Even a vigil was orchestrated for the shot brothers. And this year (2 years later, mind you) they circulated news of another gathering to show more support. Why? Because those students and faculty members view the incident as a clear-cut example of police brutality and the shooting of unarmed suspects, period. This is an ideologically influenced position they are taking, convinced that police are automatically in the wrong in pretty much all cases and that racial minorities are rarely deserving of whatever consequences befall them based on their actions and choices.

This is a problem nationwide currently, the spreading of this attitude. The narrative it promotes is not only anti-police and pro-minorities but it’s also recently showing itself to be outright anti-white and anti-American.

Some would say if you can’t beat it, then burn it down. That appears to be what’s trying to unfold at present across this land…

Nevermind the history — the same sort of people are responsible for tearing down Southern statues and monuments and have since been turning their attention toward trying to remove museum displays. So the modus operandi there appears to be to erase history, or any signs or mention of it.

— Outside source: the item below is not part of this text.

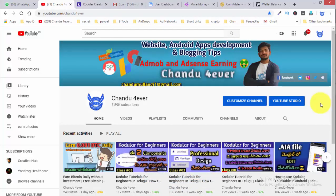Hello guys, this is Chandhu from the YouTube channel Chandhu Forever. Here I am going to talk about a topic requested by many of our subscribers.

Take as another recent example the case of a student group called “Reedies Against Racism” protesting a required humanities course at Reed College, wherein a student reportedly stated: “forcing students to take a mandatory Western Civilization course is really harmful.” That being a course said to focus on great thinkers from ancient Greece, Rome, Egypt, and Mesopotamia.

The protest continued this school year, as students interrupted the lecture, got in screaming matches with students, boycotted classes, and vowed to have silent protests during every lecture. The student activists have also brought in mental healthcare advocates for students who have reported having “panic attacks” due to the course material.

“The course in its current iteration draws from predominantly white authors and relies heavily on the notion that Western customs are the most civilized because they are derived from those of ancient Greeks and Romans who are considered the inventors of civilization,” Alex Boyd, a main Reedies Against Racism organizer, told The College Fix via Facebook recently.

Check out the list of demands put out by “Reedies Against Racism.”

It would be funny if it weren’t so goddamn obstructive.

So, what do these types of people want? What’s their primary objective here? Do they really detest all that America is or ever was? If so, why? Totally taking for granted the privileges they themselves do in fact partake in? Ideologically-possessed, yes, but what else is this? Is looking more and more to me like a will to destroy. One obstructs when they cannot or will not construct. So how does one effectively react to this? Arguments don’t seem to work.